Diyanet İşleri Meali (Eski)
Elini çıkardı, bakanlara bembeyaz göründü.*
Diyanet İşleri Meali (Yeni)
Elini koynundan çıkardı, bir de ne görsünler, bakanlara bembeyaz olmuş.[399]*
Diyanet Vakfı Meali
Elini de (koynundan) çıkardı; o da seyredenlere bembeyaz görünen (nur saçan bir şey oluvermiş)!
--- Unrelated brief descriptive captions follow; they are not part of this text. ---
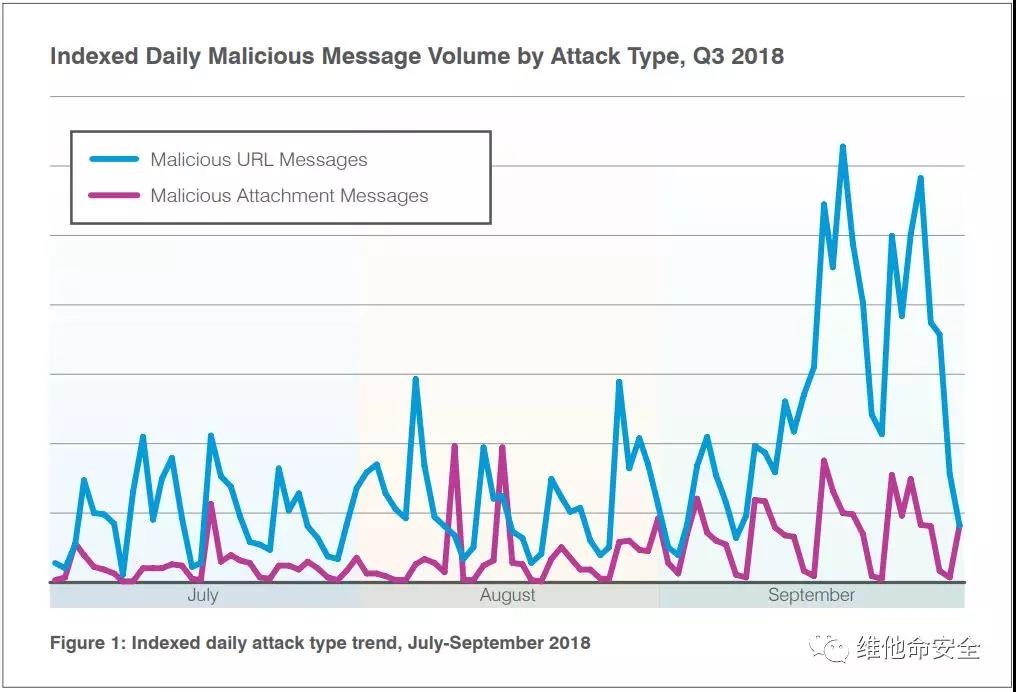 �������ǲ�-������ʱ�й�����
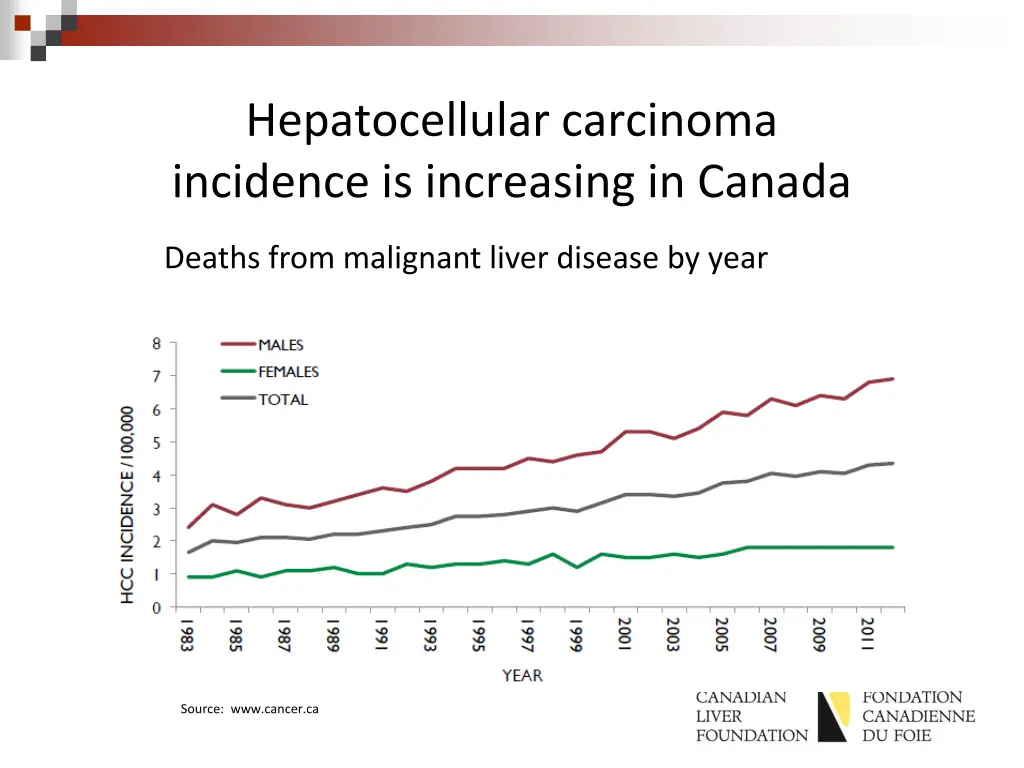 hepatocellular carcinoma incidence is increasing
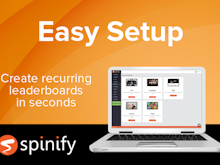 Spinify Software - Setup leaderboards in no time. You can configure the teams goals and push them to success instantly!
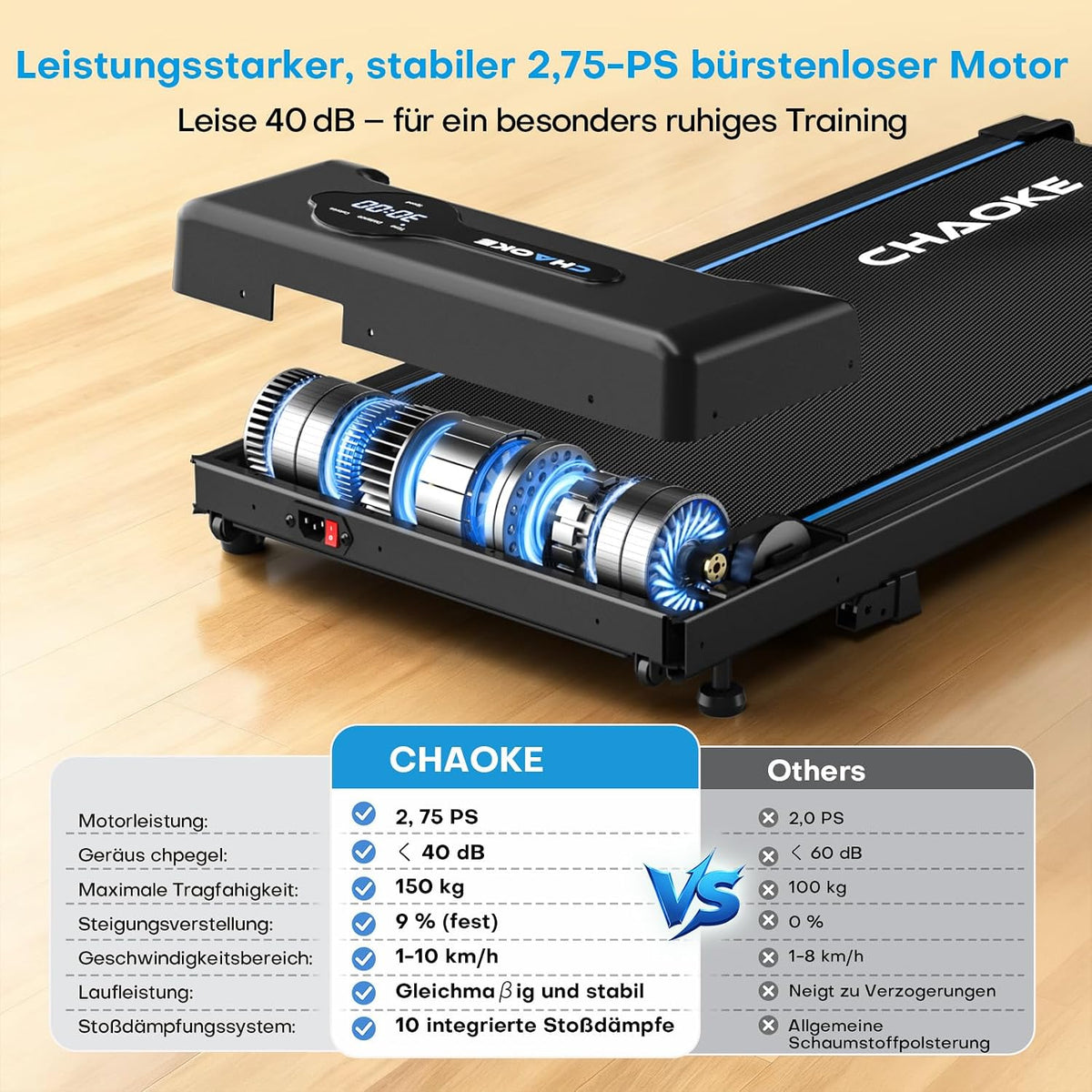 CHAOKE Walking Pad Laufband mit 9% Steigung, 10 km/h Schreibtischlaufband für Zuhause und Büro, 2,75 PS leiser Motor, Bis zu 150 kg Belastbarkeit, 12 HIIT-Programmen und Fernbedienung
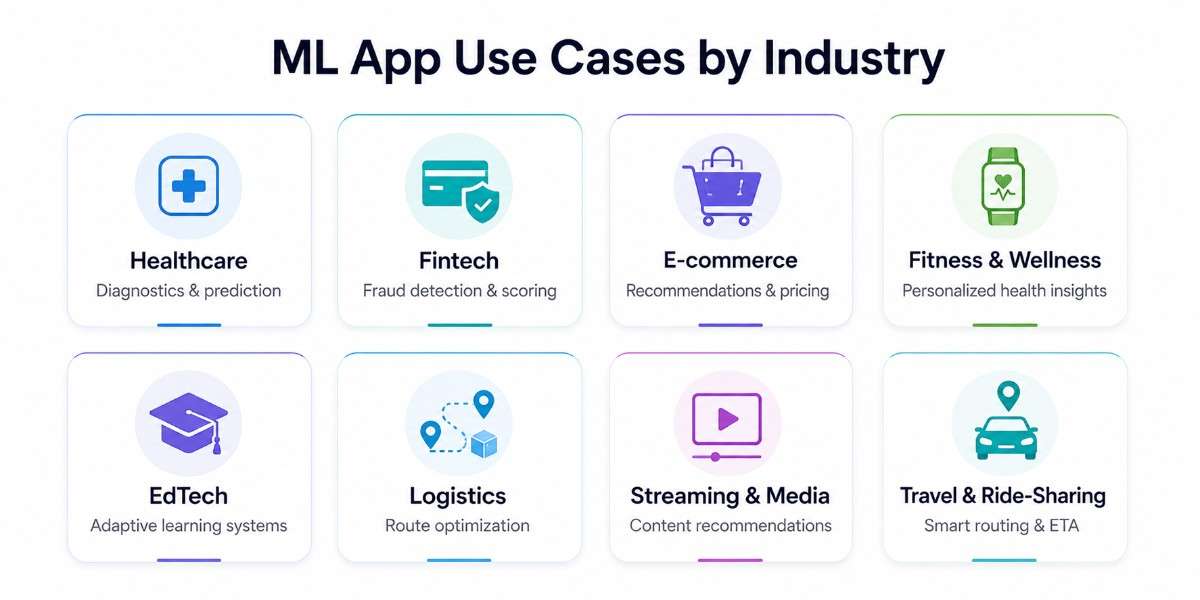 an image indicating real world use cases on building machine learning apps based on industry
Elmalılı Hamdi Yazır Meali
Elini de (koynundan) çekti çıkardı; bakanlara bembeyaz (görünen, nur saçan bir şey) oluverdi.
Elmalılı Meali (Orjinal)
Bir de elini çekti çıkardı, o da bakanlara bem beyaz oluverdi
Hasan Basri Çantay Meali
Elini de çekib çıkardı. Bir de (ne görsünler) bu, temâşâ edenler için bembeyaz (ve nuur saçan bir el) dir.
Hayrat Neşriyat Meali
Ve elini (koynundan) çıkardı; bir de gördüler ki o, bakanlara bembeyaz (parlayan, ışık saçan bir el)dir.
Ömer Nasuhi Bilmen Meali
Ve elini çekip çıkardı. Hemen o, nazar edenlere karşı bembeyaz (kesilmiş) idi.
Suat Yıldırım Meali
Bir de elini koynundan çıkardı ki bakanların gözlerini kamaştıracak kadar parlak mı parlak! [27, 12; 28, 32]
Şaban Piriş Meali
Elini çekip çıkardı o da bakanlara bembeyaz oluverdi.
İbni Kesir
Elini çıkardı, bir de ne görsün; bakanlara bembeyazdır.
Seyyid Kutub
Ve elini yeninin altından çıkardı; bakanlar, onun ak bir parıltı saçtığını gördüler.
Tefhim-ul Kuran
Elini de çekip çıkardı, bir de (ne görsün) o, bakanlar için 'parlayıp aydınlanıvermiş.'
Yusuf Ali (English)
And he drew out his hand, and behold, it was white to all beholders!(3157)*
M. Pickthall (English)
And he drew forth his hand and lo! it was white to the beholders.